Panelists described how they had to artfully navigate some hot-button issues. As a politically progressive African-American woman, Sewell stands out in her home state of Alabama, where she’s the only Democrat in Congress. At one of her first town meetings, she was confronted by someone who was passionately anti-abortion. “I explained why I was pro-choice and how I had gotten to that position; he at least turned to his wife and nodded. Your constituents have to know that you’re one of them. For another example, Alabama loves its guns and there are a lot of military bases in my district, so there probably isn’t a defense bill that I didn’t vote for. So that lost me my F rating from the NRA; for the first time in my life I got a D.”

Sewell said that as a freshman House member she was surprised both by the civility of her colleagues, and by the dysfunction of the legislative process. “The politics of the politics can be mind-boggling, and frankly takes away from the opportunity to do my job. For instance, we have not yet reauthorized the Children’s Health Insurance Program (CHIP), which expired on September 30. I am told it will be tacked onto something, and meanwhile I have parents desperate to know if their sick child will have insurance.”

As a Hindu American with an exotic name, Krishnamoorthi said he’s had to address his “otherness” head-on, which wasn’t easy when some of his political opponents tried to use it against him. One opposing candidate even ran an attack ad implying he had links to terrorism. “In every meeting I went to, the first question was always about my name and what it means. So I said that translated from an ancient language it means ‘Congressman for the 8th district of Illinois.’ I tackled the elephant in the room right out of the box, and I made fun of myself—That made me human. Anyone here can do that, but it takes a light touch.”

But he says he’s had to make some tougher political choices, most recently over President Trump’s Muslim travel ban. “I never thought I would be traveling to O’Hare Airport to save some American green card holders. But there were people in my district who thought it was perfectly OK for the president to do what he did. So was I going to emphasize my otherness by standing up for [the immigrants at O’Hare], or was I going to take a pass and be silent? I decided on the former, since it was what I came to Congress to do.”

As Kennedy pointed out, knowing how to articulate your opinion is always an advantage. “I don’t think I’ve met anyone who agrees with me on everything. But if you have a well-formed opinion and you can defend it, people will cut you a large amount of slack. Parroting talking points is what gets you into trouble. No matter what you do, half the people are going to get mad at you. Your choice is, which half?”

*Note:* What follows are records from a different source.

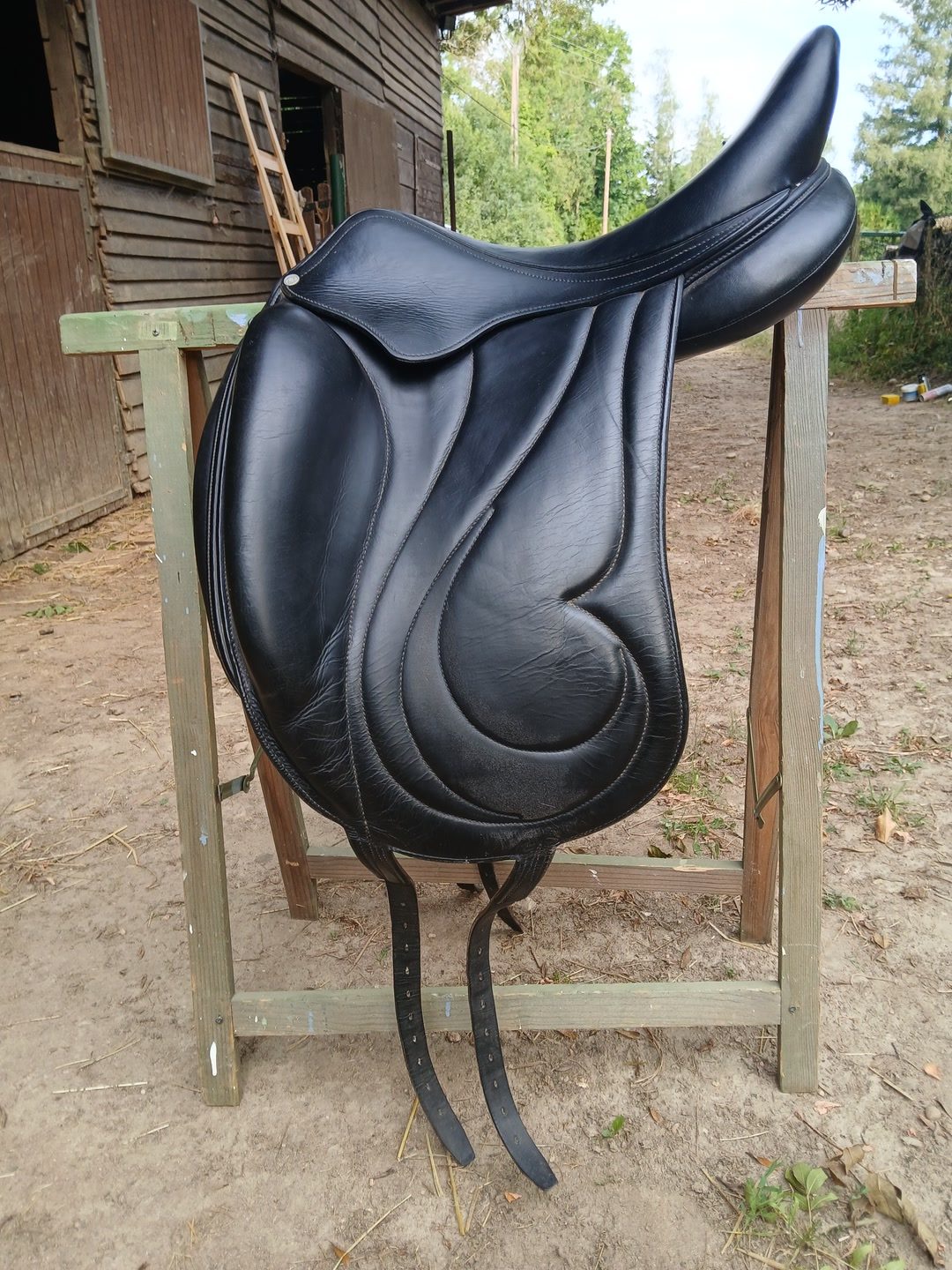 Selle de dressage Antares, média 5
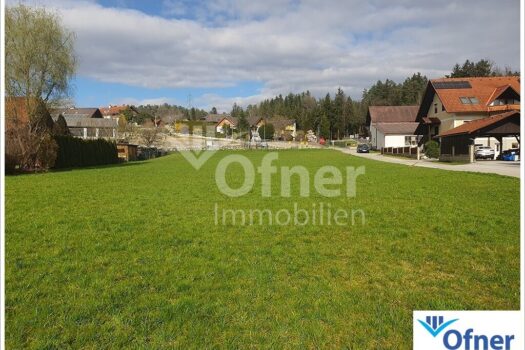 6ud5mxr74aAVF65Q4GM1ST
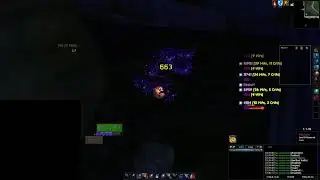 Turtle Wow Gaming - DM:E 2x4 Pulls as Mage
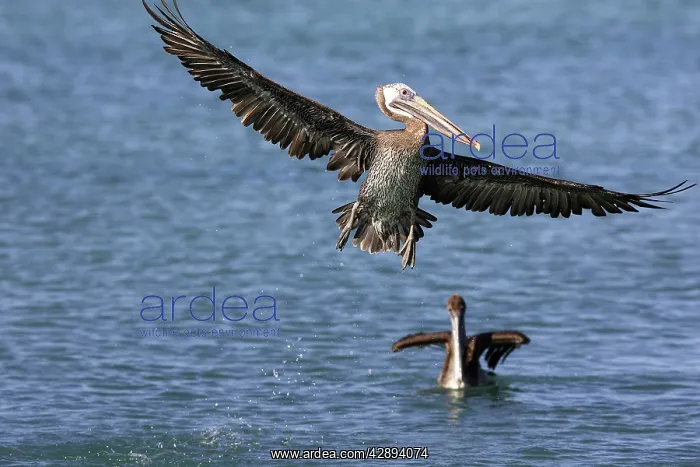: Brown Pelican - immature in flight : Brown Pelican - immature in flight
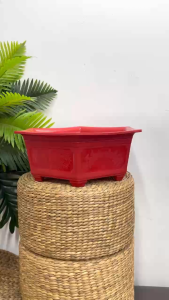 Combo 10 chậu hoa bonsai lục giác 21x8cm nhựa PP dày dặn bền chắc trắng nâu đỏ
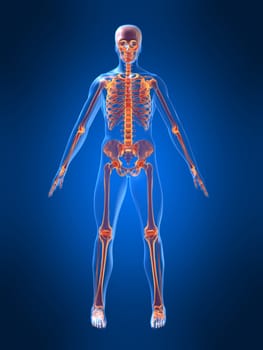 3d rendered anatomy illustration of a human body shape with a skeleton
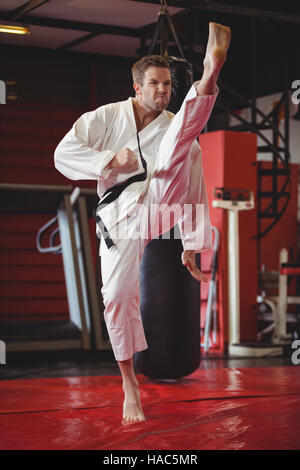 Karate player performing karate stance Stock Photo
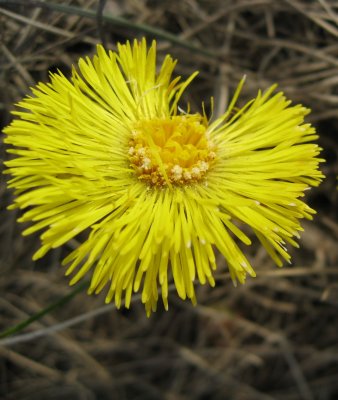 The First Coltsfoot..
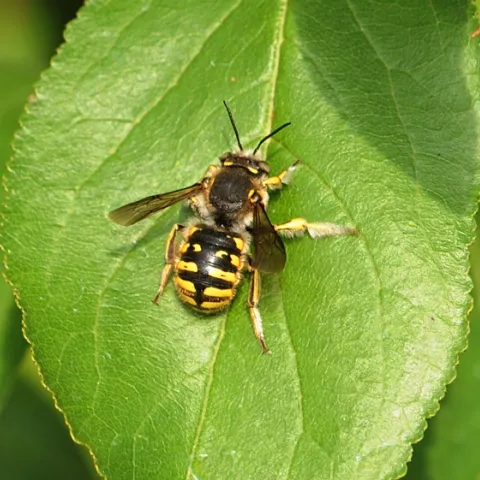 Wool carder bee sunning itself on a plum leaf. (Photo by Kathy Keatley Garvey)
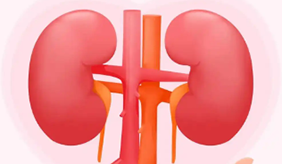 肾脏生病早有“暗号”身体出现这些信号别忽视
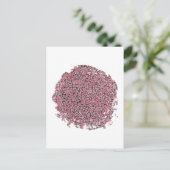 亜胡 ポストカード (スタンド正面)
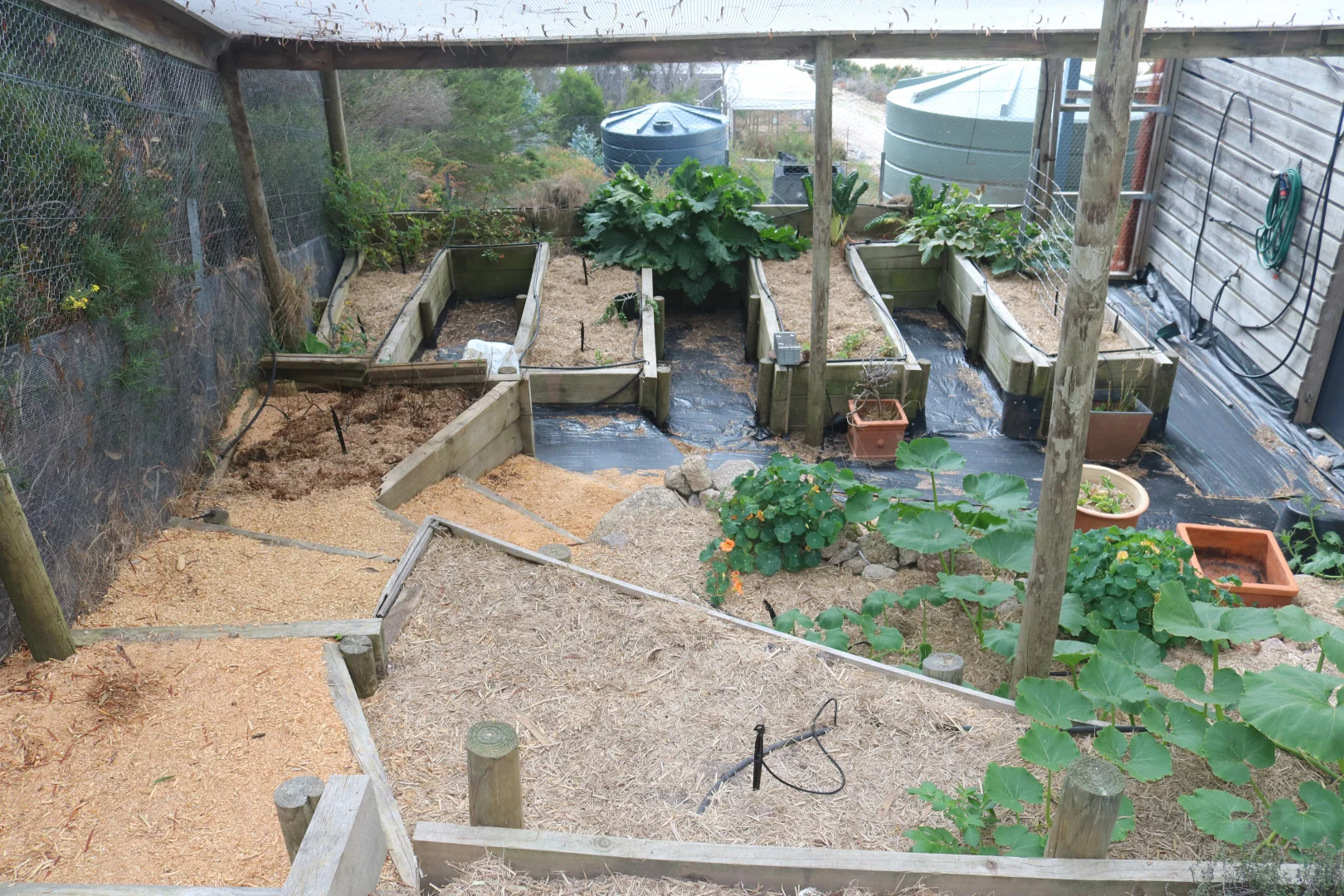 Additional image 5 of 533 Killiecrankie Road, Killiecrankie TAS 7255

While HLS pride ran strong in the event, some of the panelists noted that a Harvard connection doesn’t always play with some parts of the electorate. Krishnamoorthi recalled working on Barack Obama’s 2002 Senate campaign, where the candidate’s Ivy League background had to be played down. And DeSantis said that a Harvard diploma was something he sometimes had to downplay in Republican circles. “When I ran in my first primary, it was more of a scarlet letter.”